Esta semana hemos conocido los resultados del Informe Pisa, la prueba global más conocida de las que valoran el sistema educativo.
El titular es que España ha mejorado sus puntuaciones y se sitúa por primera vez en la media de los países más desarrollados del mundo.
En realidad, la mejora es más estadística que real y nos aproximamos a esa media porque quienes estaban mejor que nosotros han empeorado.
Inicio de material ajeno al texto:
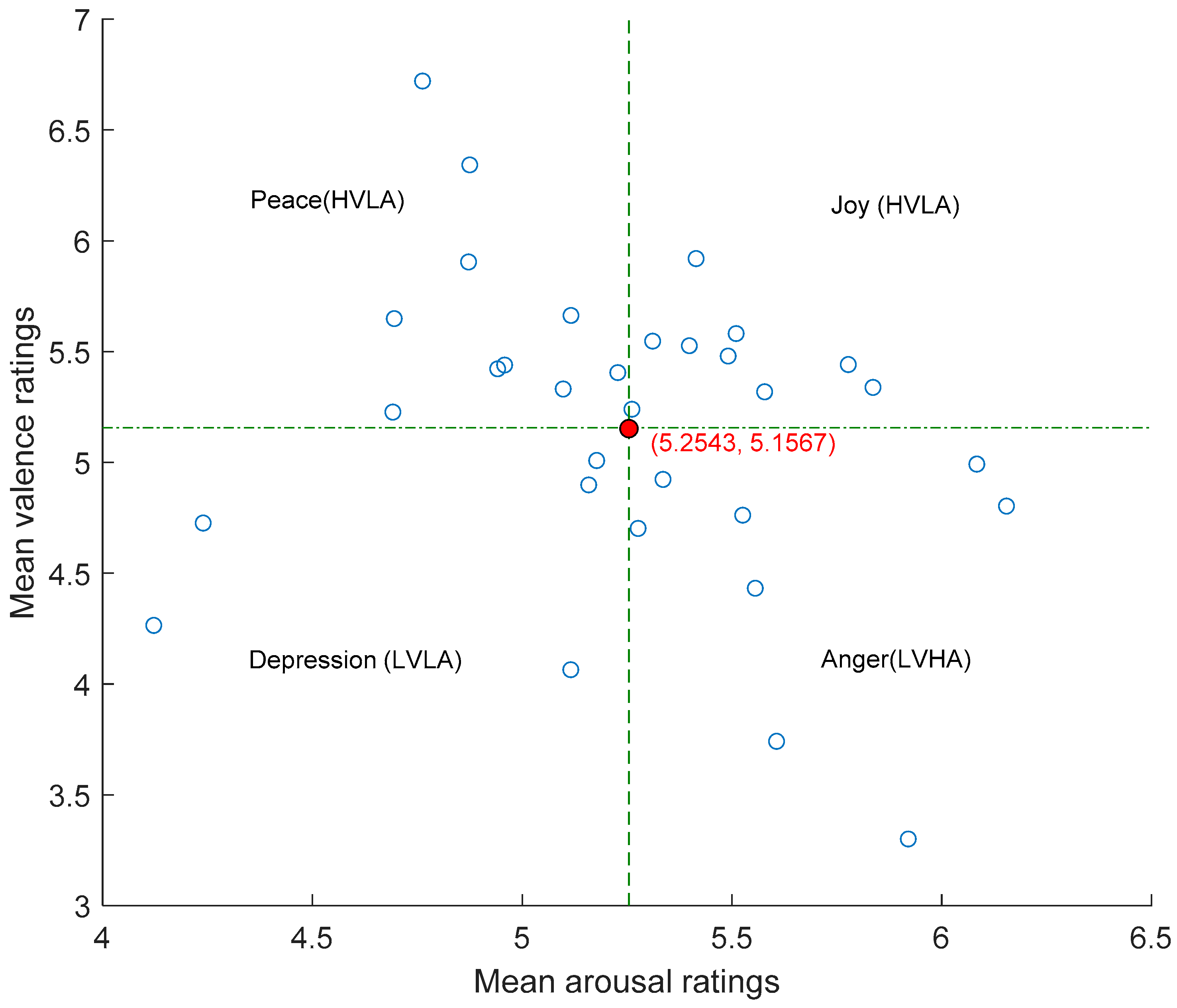 Symmetry 11 00683 g001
Así que sacar pecho en estas circunstancias es tan impropio como lo fue fustigarse sin piedad en circunstancias anteriores.
Porque España ha hecho en las últimas décadas una esfuerzo monumental para universalizar la educación y para extenderla desde los 3 a los 16 años. Y, con sus imperfecciones, los resultados de nuestro sistema cumplen con los estándares. De tal manera que un buen estudiante español también sabría desenvolverse en una escuela de Finlandia, de la misma manera que un mal estudiante de Singapur también tendría problemas si estudiase en Sanlúcar de Barrameda.
Dicho lo cual, el último Informe Pisa nos muestra dos realidades que debemos constatar. La primera, que si es por resultados quizás no tengamos que buscar las claves del éxito educativo en lugares tan exóticos como Finlandia o Japón sino en otros como Palencia o Pamplona, por ejemplo. Y la segunda, que dado que en general no vamos a escolarizar a nuestros hijos en Singapur, la brecha que debería preocuparnos de verdad no es la que nos separa de Asia o Escandinavia sino la distancia que separa a un alumno de Canarias o de Andalucía de otro que estudia en Navarra o Castilla y León. Y para detectar esa sima y ponerle solución no hace falta esperar un nuevo Informe Pisa.